The Art of Observation and Documentation of Children’s Play


How might we use data to make children’s learning through play visible? Noticing and valuing the ideas, thinking, theories, questions and feelings of our youngest learners involves the process of observation. Understanding their strengths, interests, needs and challenges also comes from meaningful documentation. At the same time, one of the most difficult aspects of observing and documenting children’s play is the what and how. So much data can be gathered about our students that we get lost in what to look for. The end result is that data is either diluted or there is too much data. Another challenge to the process is what is worth documenting and how do we present data to reflect who our students are and to accurately make visible their learning stories.
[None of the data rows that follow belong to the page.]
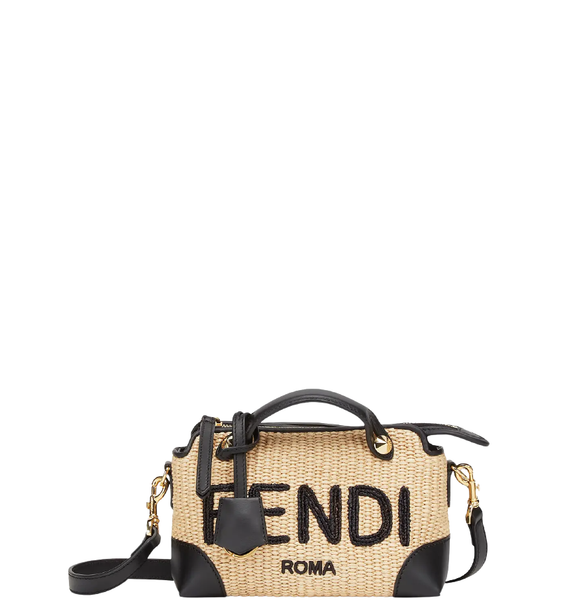  Túi Nữ Fendi Woven Straw Small Boston Bag 'Beige' 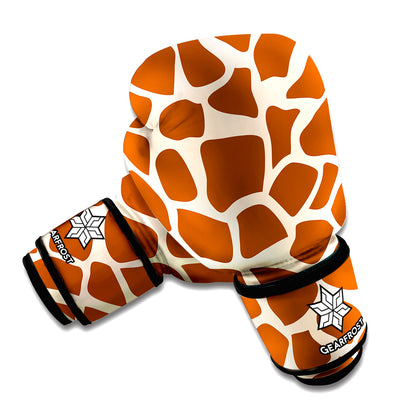 Brown Giraffe Pattern Print Boxing Gloves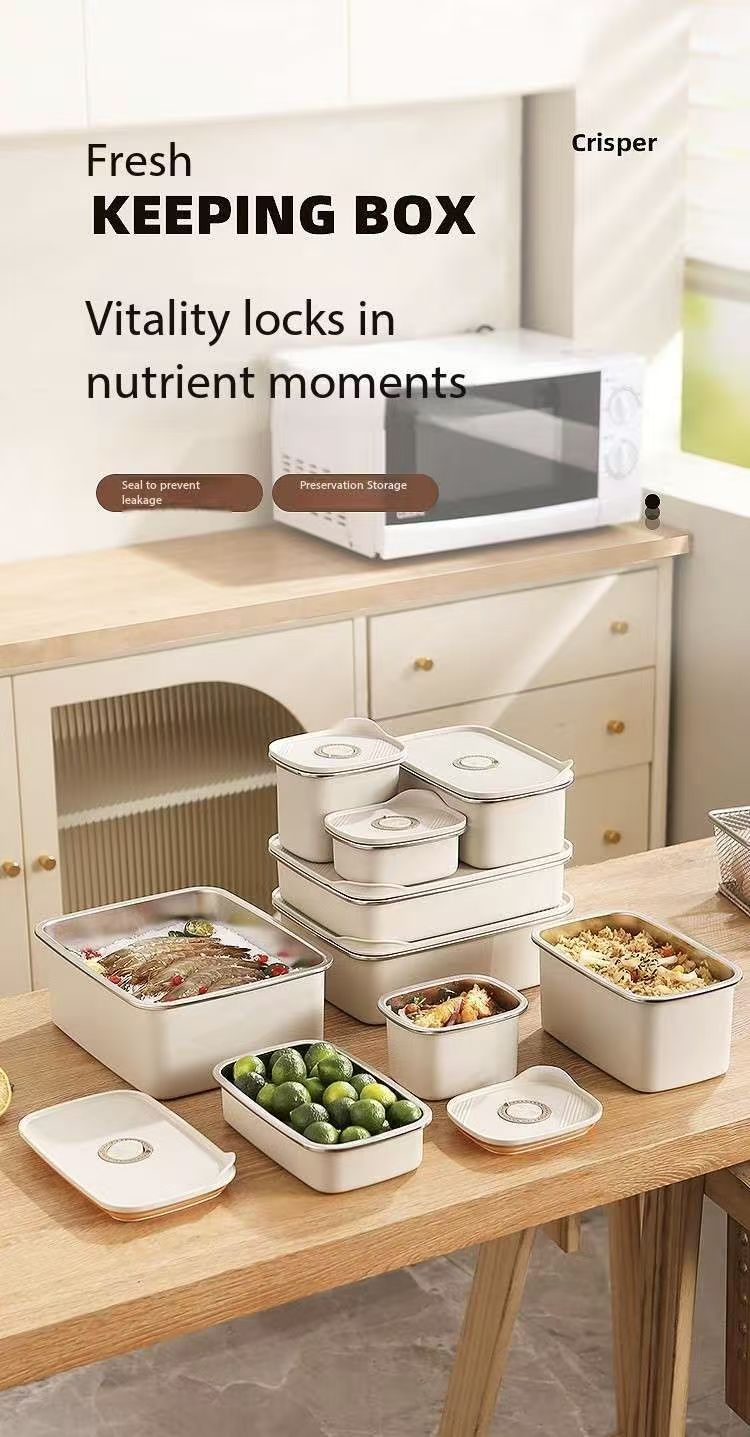 304 Stainless Steel Food Storage Container - Rapid Freezing & Freshness Lock | 3-5x Longer Freshness | Metal Enhanced Cooling | Airt Seal for Home/Commercial Use
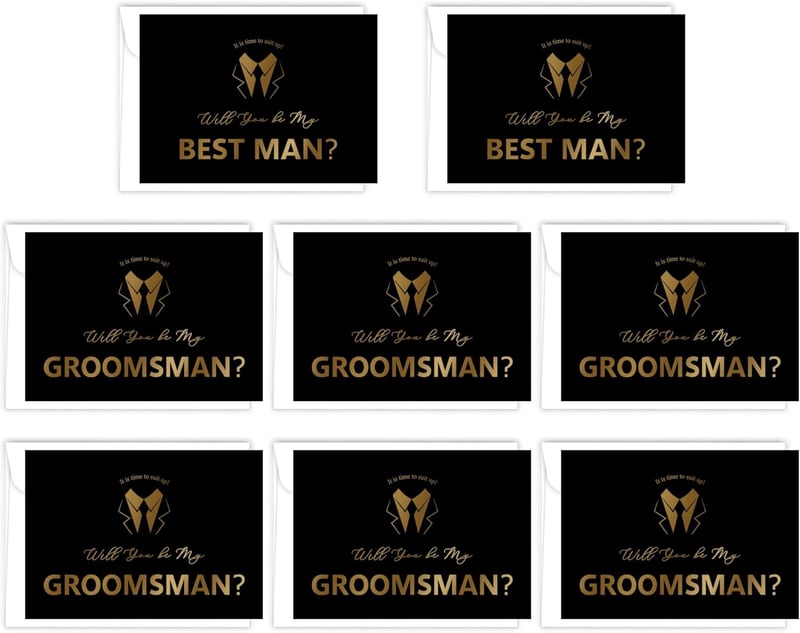 Groomsmen Proposal Cards Set with Envelopes - 8 Pieces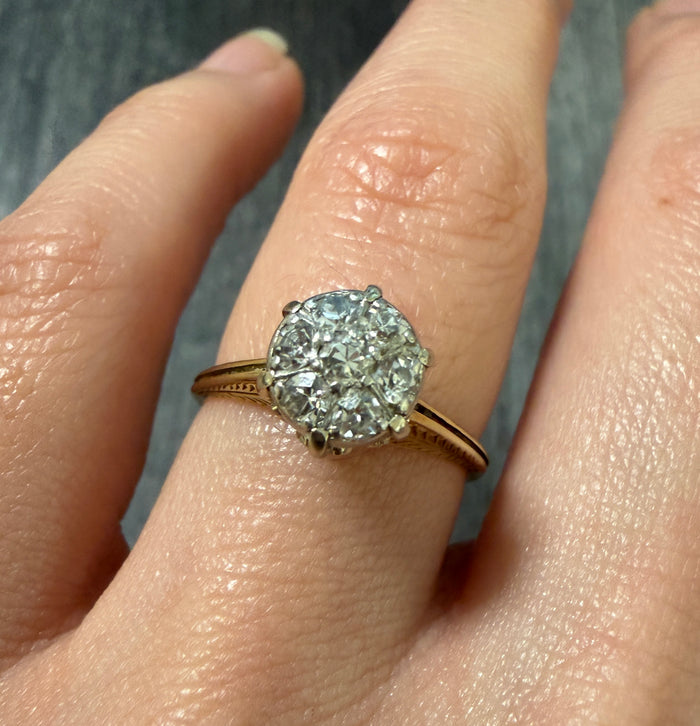 Art Deco Diamond Cluster and Chased 14K Gold Ring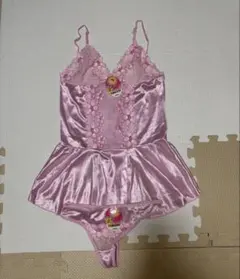 ピンクサテンベビードール＆ショーツセット 新品
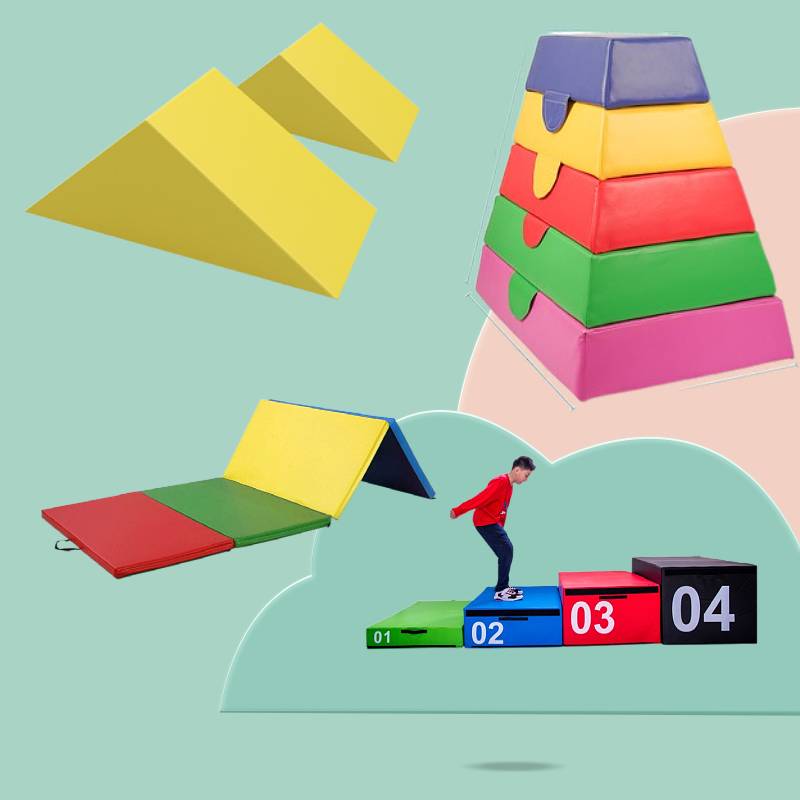 Children's Software Sensory Sports Sports Energy Training Equipment Software Box Combination Early Early Early Early Balance Wooden Triangle slope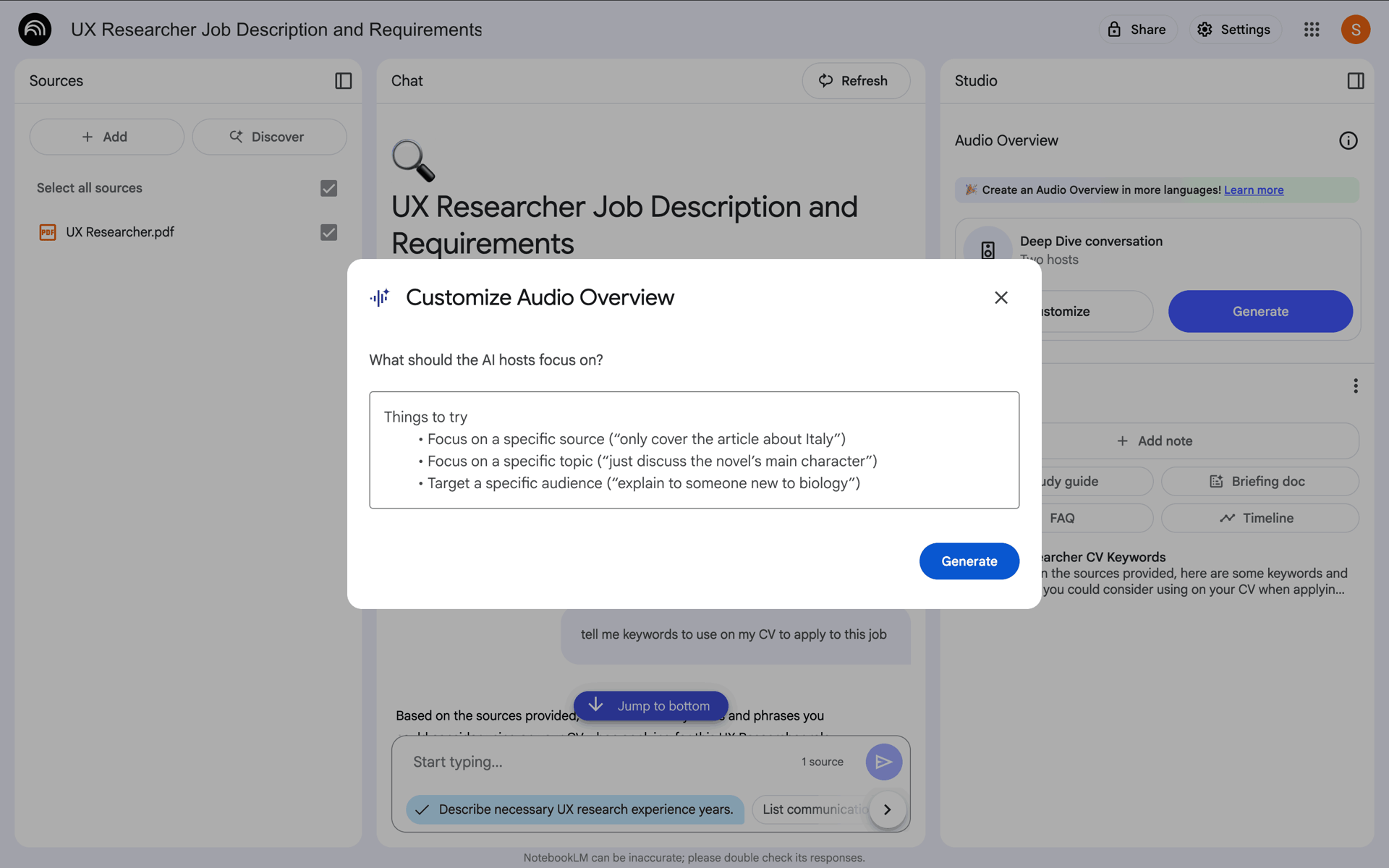 NotebookLM Web AI interface screenshot 8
This action research explored the possible influences of teaching a pattern of observation and documentation on play practices. Findings that were revealed through a thematic approach to data analysis include: 1) feeling more intentional about what to look for and what to document; 2) becoming more aware about the filters and perspectives brought to the observation and documentation process; and 3) implementing the pattern to inform planning and to personalize play for students. Implications to future practice require systematic engagement with ongoing, collaborative practices of observing and documenting children’s play.

Author Information
Jennifer Wong-Powell, JWP Consulting - Inspired by Children, Mongolia

Paper Information
Conference: SEACE2024
Stream: Teaching Experiences

This paper is part of the SEACE2024 Conference Proceedings (View)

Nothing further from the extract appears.